→ **HOW TO COMPLETE THIS TASK**
The reply should reproduce every line of the data below word for word, minus any images.

→ **RECORDED DATA**
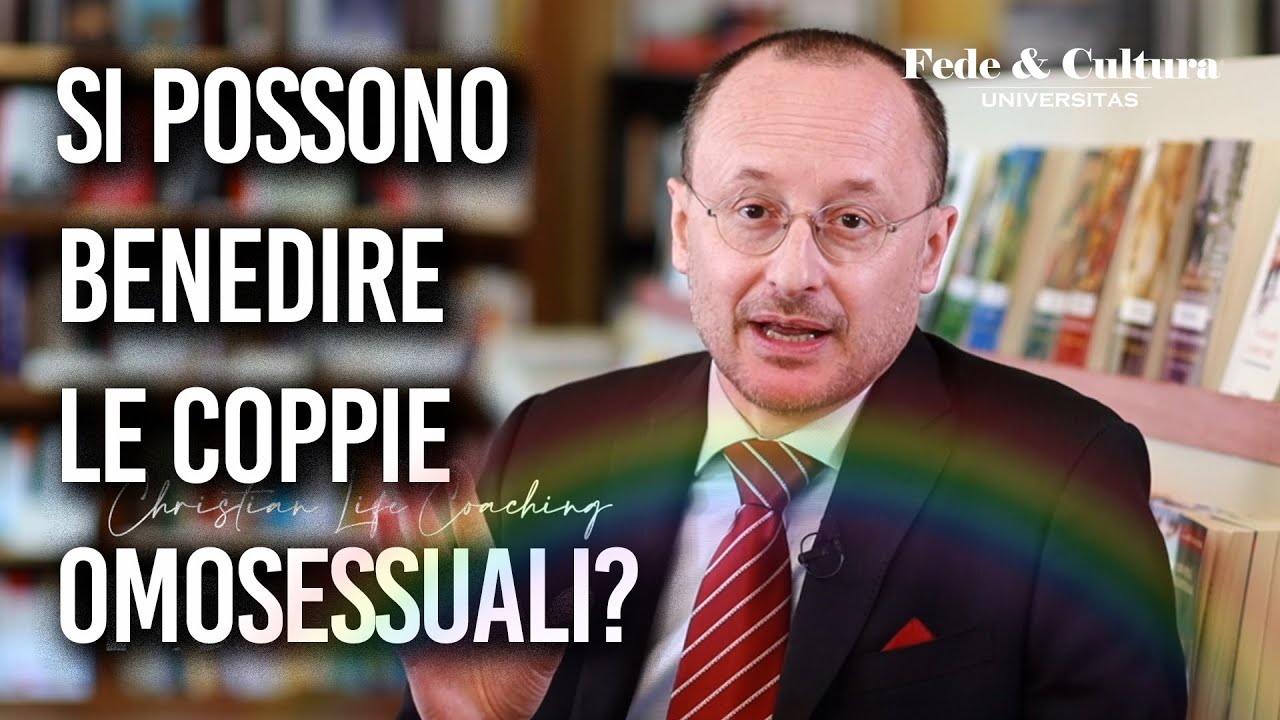 Si possono benedire le coppie omosessuali?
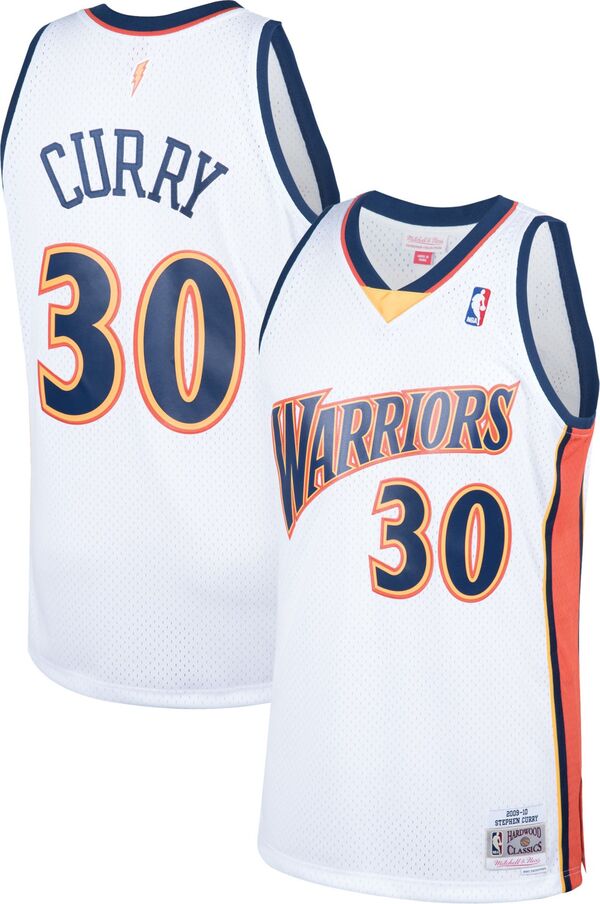 ミッチェル\u0026ネス メンズ トップス シャツ ジャージー Mitchell \u0026 Ness Men Golden State Warriorstephen Curry #30 Swingman Jersey NoColor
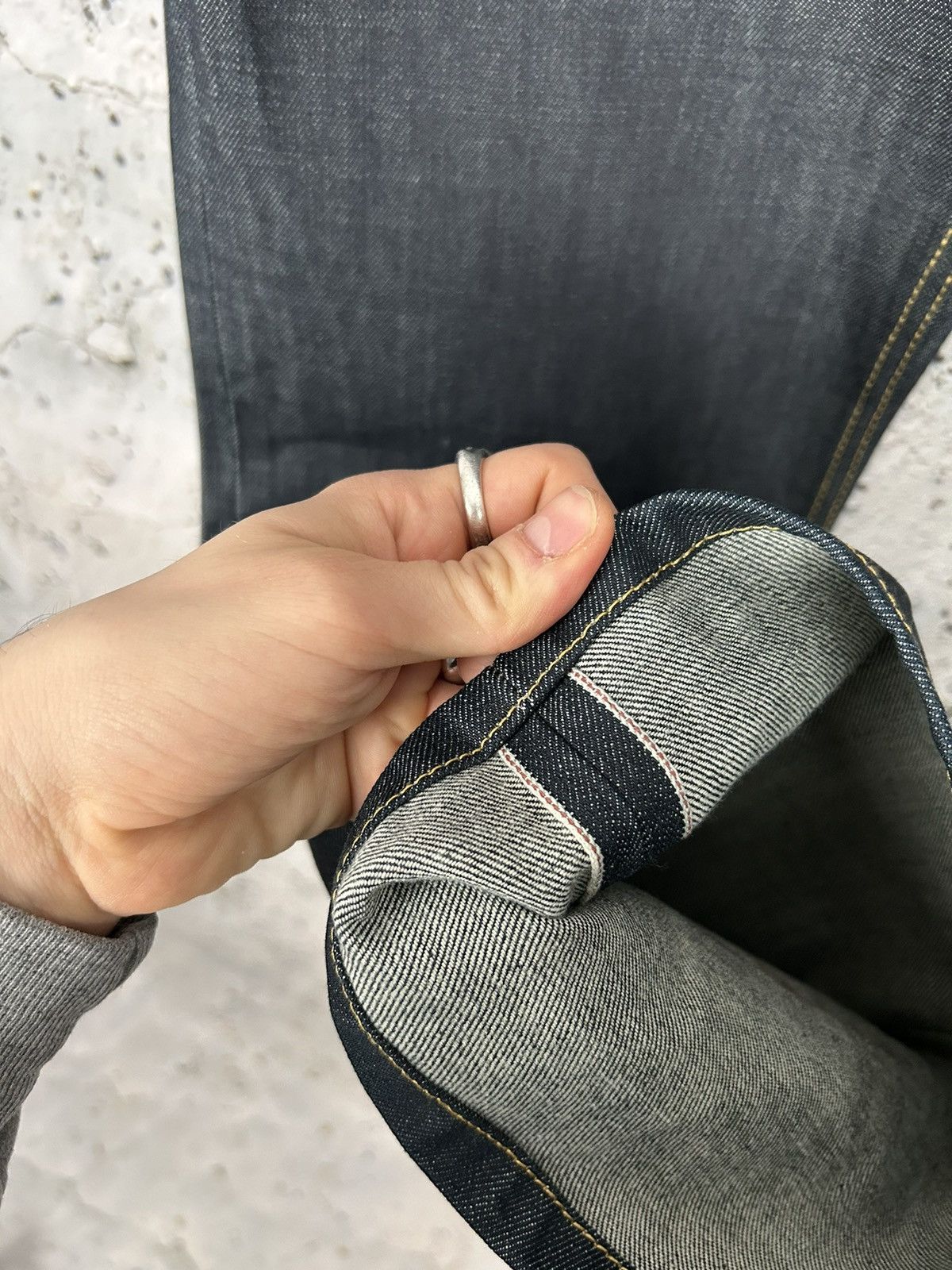 Japanese Brand Vintage Pike Brothers Selvedge Japanese Denim Roamer Pant Size US 34 / EU 50 - 9 Thumbnail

→ **WRITTEN SOLUTION**
 Si possono benedire le coppie omosessuali?
 ミッチェル\u0026ネス メンズ トップス シャツ ジャージー Mitchell \u0026 Ness Men Golden State Warriorstephen Curry #30 Swingman Jersey NoColor
 Japanese Brand Vintage Pike Brothers Selvedge Japanese Denim Roamer Pant Size US 34 / EU 50 - 9 Thumbnail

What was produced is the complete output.